• **Available data**
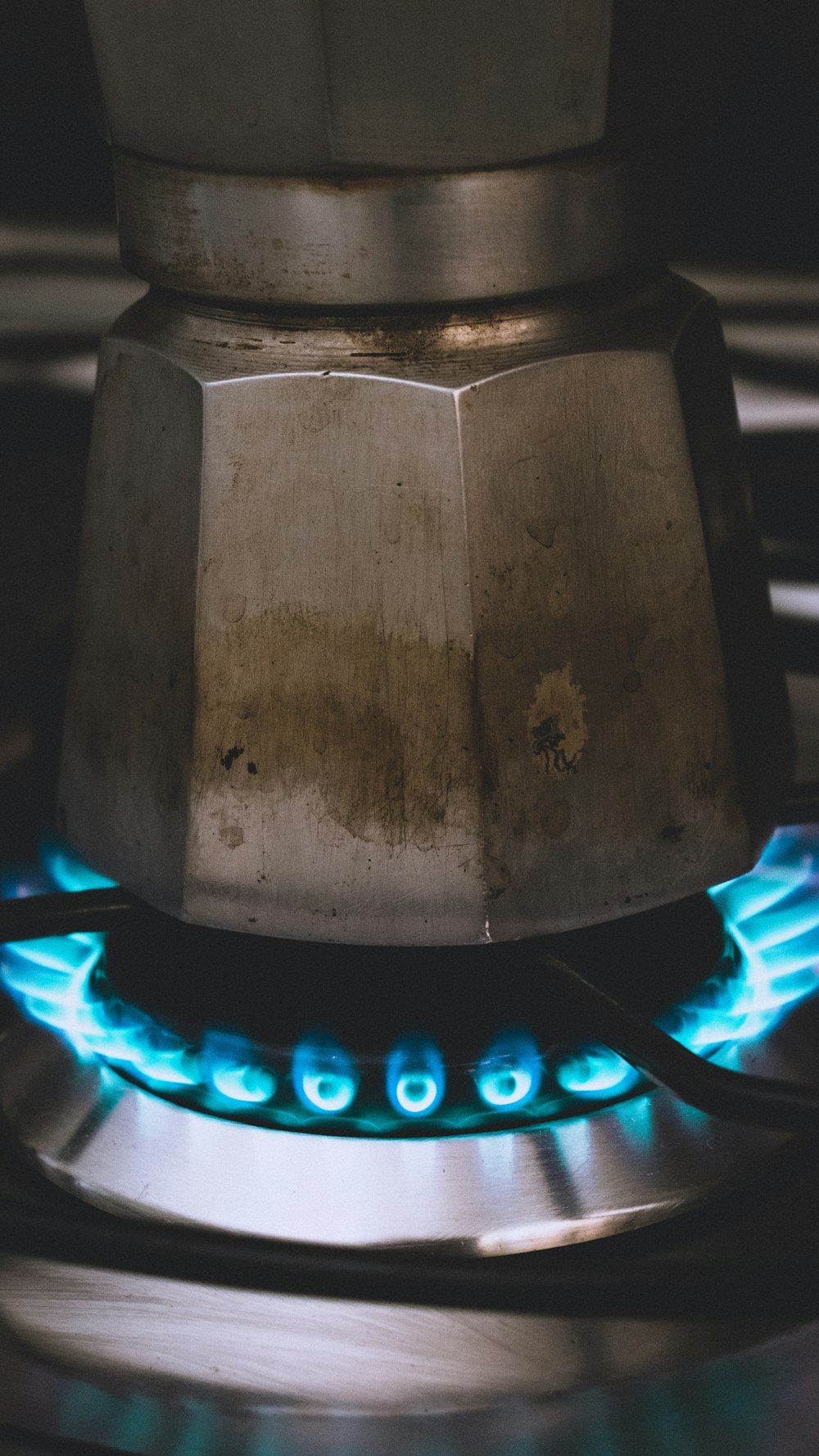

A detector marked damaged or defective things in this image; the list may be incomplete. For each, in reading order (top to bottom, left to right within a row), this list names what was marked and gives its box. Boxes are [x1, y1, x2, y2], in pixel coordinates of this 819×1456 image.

burnt brown stain [197, 605, 475, 850]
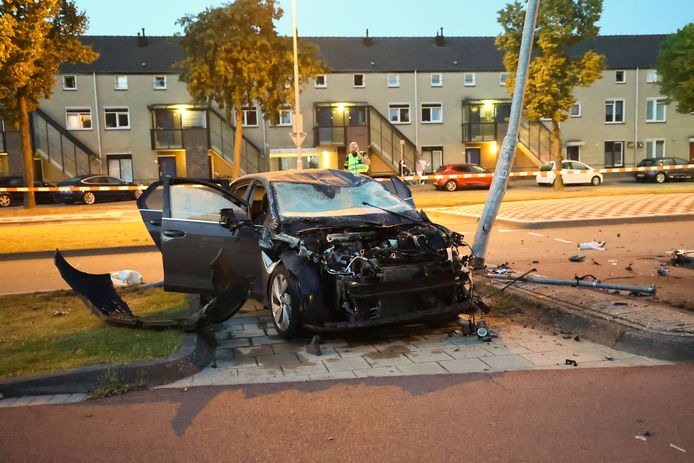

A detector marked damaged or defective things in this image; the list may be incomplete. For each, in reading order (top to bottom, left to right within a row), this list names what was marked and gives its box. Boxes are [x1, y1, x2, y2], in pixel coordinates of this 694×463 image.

detached car door [158, 178, 253, 294]
severely crashed car [55, 169, 484, 338]
shattered windshield [272, 179, 416, 219]
broken car part [486, 272, 656, 298]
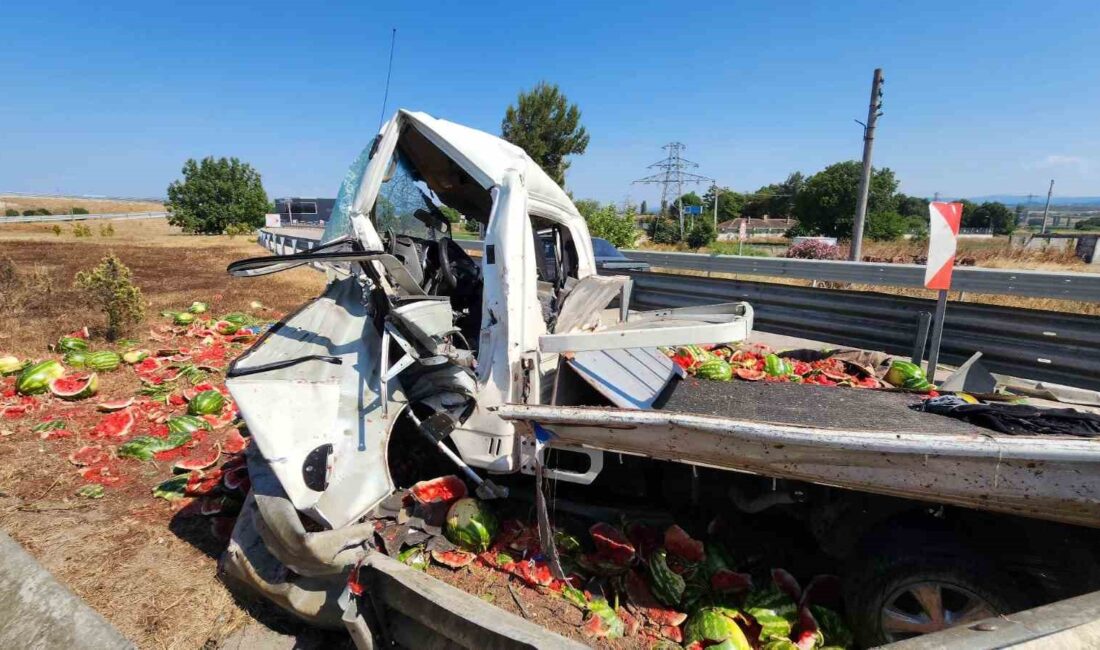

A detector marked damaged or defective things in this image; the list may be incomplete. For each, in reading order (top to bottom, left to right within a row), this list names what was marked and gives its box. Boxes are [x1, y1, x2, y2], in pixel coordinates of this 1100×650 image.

shattered windshield glass [321, 142, 374, 244]
wrecked white truck [218, 109, 1100, 646]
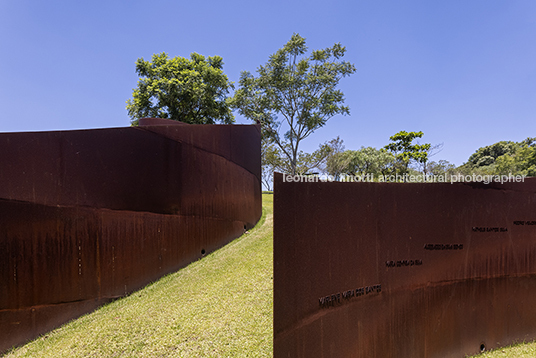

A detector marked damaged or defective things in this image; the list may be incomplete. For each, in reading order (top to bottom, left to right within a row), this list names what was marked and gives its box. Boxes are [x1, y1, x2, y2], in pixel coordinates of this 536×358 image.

rusted steel wall [0, 119, 260, 354]
rust streak on steel [0, 118, 262, 352]
rusted steel wall [276, 172, 536, 356]
rust streak on steel [276, 172, 536, 356]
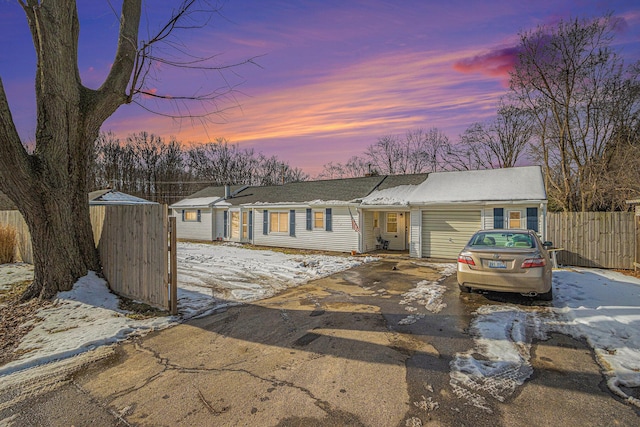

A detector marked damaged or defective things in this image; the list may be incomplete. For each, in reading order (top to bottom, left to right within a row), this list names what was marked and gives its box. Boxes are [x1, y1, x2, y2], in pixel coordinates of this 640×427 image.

cracked pavement [1, 260, 640, 426]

• **Your instructions**
Could you repeat all of the entries exactly, without the pictures?

• **Answer to this task**
A detector marked damaged or defective things in this image; the list may be incomplete. For each, in reading order (top to bottom, left to right within a row), this list names what was marked and gives its box. Boxes are [x1, y1, x2, y2], in pixel coordinates of this 819×1456 image.

burnt brown stain [197, 605, 475, 850]

A detector marked damaged or defective things in this image; the list may be incomplete. For each, in reading order (top to bottom, left to right within a row), this list names what was marked and gives its box. Boxes are [x1, y1, x2, y2], in pixel coordinates of this 694×463 image.

detached car door [158, 178, 253, 294]
severely crashed car [55, 169, 484, 338]
shattered windshield [272, 179, 416, 219]
broken car part [486, 272, 656, 298]

A detector marked damaged or defective things in this image; the list may be incomplete. For each, in reading order (top to bottom, left to right within a row), this list names what was marked and gives its box. Boxes are [x1, y1, x2, y2], in pixel coordinates of this 1100×650 image.

shattered windshield glass [321, 142, 374, 244]
wrecked white truck [218, 109, 1100, 646]

A detector marked damaged or defective things in this image; the list may be incomplete. For each, in reading order (top to bottom, left to right within a row), this list names what was marked and gives its box. Boxes are [x1, y1, x2, y2], in pixel coordinates of this 536×358 image.

rusted steel wall [0, 119, 260, 354]
rust streak on steel [0, 118, 262, 352]
rusted steel wall [276, 172, 536, 356]
rust streak on steel [276, 172, 536, 356]

A detector marked damaged or defective things in this image; the list may be incomplete. For each, in reading order (top to bottom, left to right within a row), this list names what was marked and gives its box. Boxes are [x1, y1, x2, y2], in pixel coordinates of this 640×427 image.

cracked pavement [1, 260, 640, 426]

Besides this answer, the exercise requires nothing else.